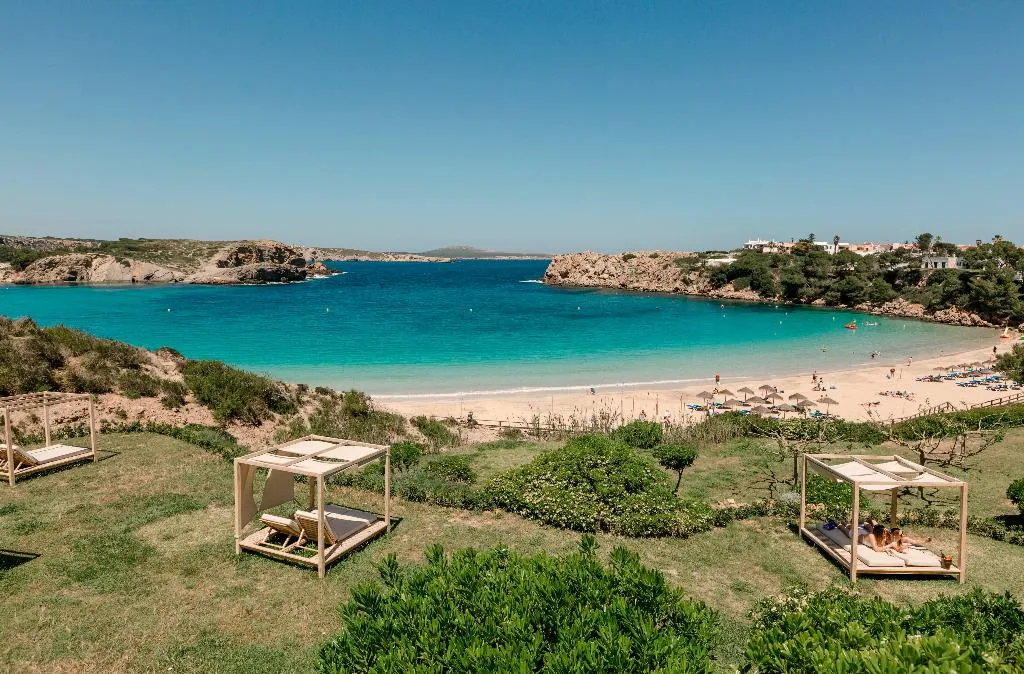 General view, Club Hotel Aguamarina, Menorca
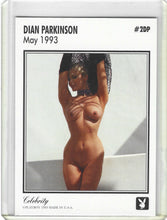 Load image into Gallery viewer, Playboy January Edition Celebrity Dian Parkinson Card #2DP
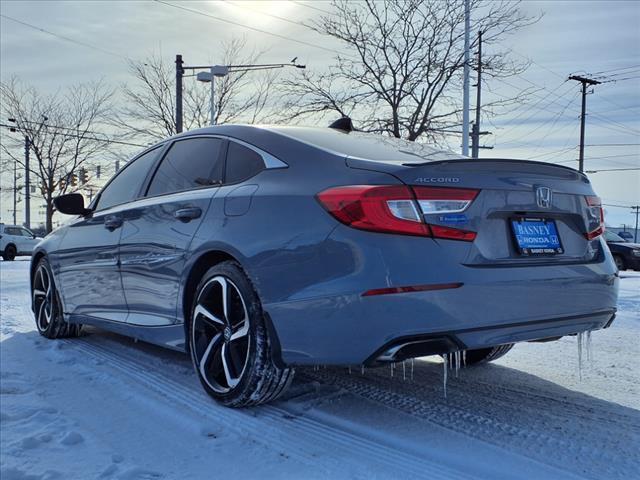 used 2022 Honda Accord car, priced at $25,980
-=-=-=-=-
▶ Work to complete
Reproduce every line above exactly, pictures excluded.

▶ Completed task
 General view, Club Hotel Aguamarina, Menorca
 Load image into Gallery viewer, Playboy January Edition Celebrity Dian Parkinson Card #2DP
 used 2022 Honda Accord car, priced at $25,980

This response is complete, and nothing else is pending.